* [PROVIDED DATA]:
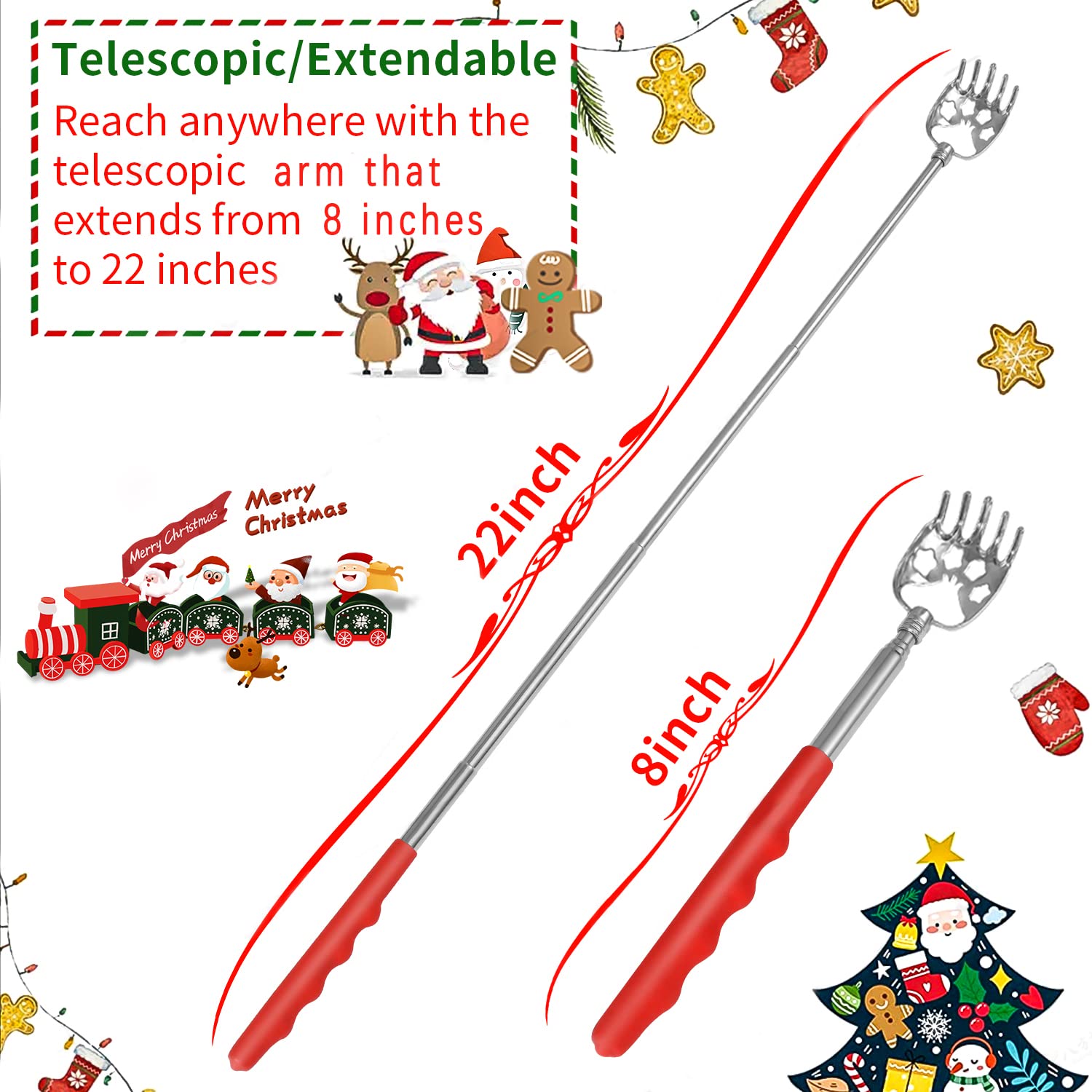YIMICOO Santa's Claws back scratcher extended for reach and relief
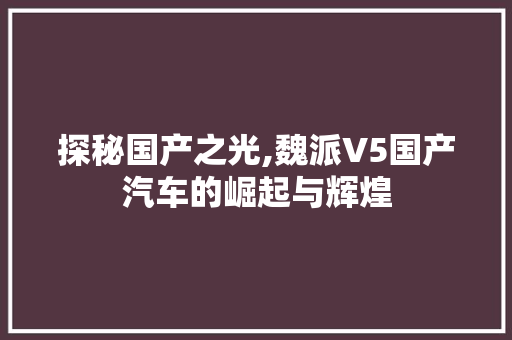 探秘国产之光,魏派V5国产汽车的崛起与辉煌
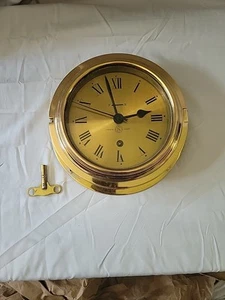 Vintage Seikosha Brass Mechanical Nautical Porthole Ship Clock NON-WORKING - Picture 1 of 9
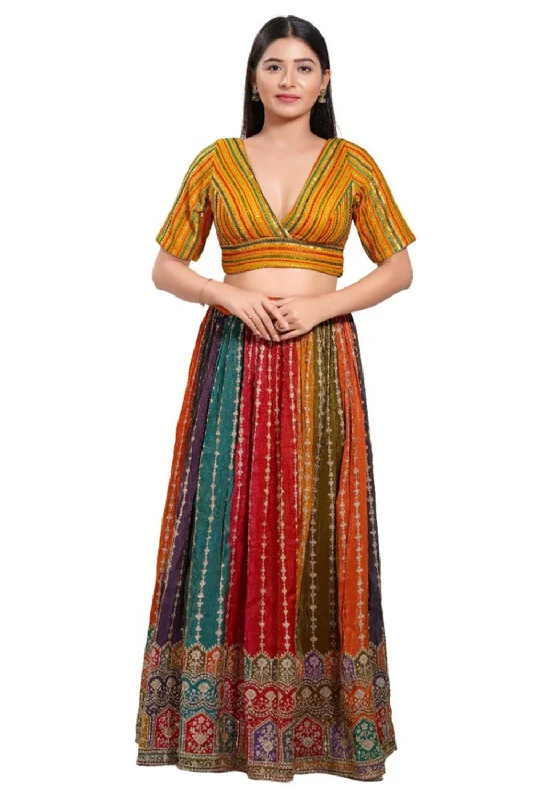 Yellow Georgette V-Neck Elbow Sleeves Blouse Backless Summer Blouse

* [WORK REQUIRED]: Starting at the line that holds "探秘国产之光,魏派V5国产汽车的崛起与辉煌", copy each line exactly through the end of the material above, keeping both ends and dropping the pictures.

* [RESPONSE BELOW]:
 探秘国产之光,魏派V5国产汽车的崛起与辉煌
 Vintage Seikosha Brass Mechanical Nautical Porthole Ship Clock NON-WORKING - Picture 1 of 9
 Yellow Georgette V-Neck Elbow Sleeves Blouse Backless Summer Blouse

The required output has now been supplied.